Pro-pulse: Learning progressive encoders of latent semantics in gans for photo upsampling
Publication Type
Journal Article
Publication Date
1-2022
Abstract
The state-of-the-art photo upsampling method, PULSE, demonstrates that a sharp, high-resolution (HR) version of a given low-resolution (LR) input can be obtained by exploring the latent space of generative models. However, mapping an extreme LR input (16(2)) directly to an HR image (1024(2)) is too ambiguous to preserve faithful local facial semantics. In this paper, we propose an enhanced upsampling approach, Pro-PULSE, that addresses the issues of semantic inconsistency and optimization complexity. Our idea is to learn an encoder that progressively constructs the HR latent codes in the extended W+ latent space of StyleGAN. This design divides the complex 64x upsampling problem into several steps, and therefore small-scale facial semantics can be inherited from one end to the other. In particular, we train two encoders, the base encoder maps latent vectors in W space and serves as a foundation of the HR latent vector, while the second scale-specific encoder performed in W+ space gradually replaces the previous vector produced by the base encoder at each scale.

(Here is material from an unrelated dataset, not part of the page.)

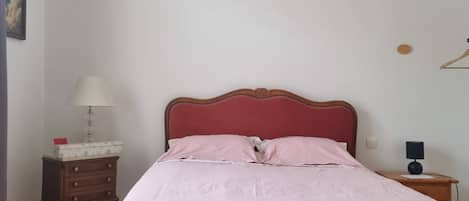3 bedrooms, WiFi, bed sheets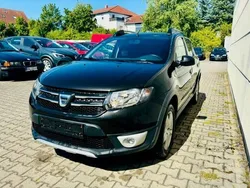 Perlmuttschwarz Gebraucht 2015 Dacia Sandero Prestige Kleinwagen | 7.390 € (Etwas zu teuer)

This process produces intermediate side-outputs, which injects deep supervision into the training of encoder. Extensive experiments demonstrate superiorities over the latest latent space exploration methods, in terms of efficiency, quantitative quality metrics, and qualitative visual results.
Keywords
Photo upsampling, GANs, progressive learning, latent space
Discipline
Information Security
Research Areas
Information Systems and Management
Publication
IEEE Transactions on Image Processing
Volume
31
First Page
1230
Last Page
1242
ISSN
1057-7149
Identifier
10.1109/TIP.2022.3140603
Publisher
Institute of Electrical and Electronics Engineers
Citation
ZHOU, Yang; XU, Yangyang; DU, Yong; WEN, Qiang; and HE, Shengfeng.
Pro-pulse: Learning progressive encoders of latent semantics in gans for photo upsampling. (2022). IEEE Transactions on Image Processing. 31, 1230-1242.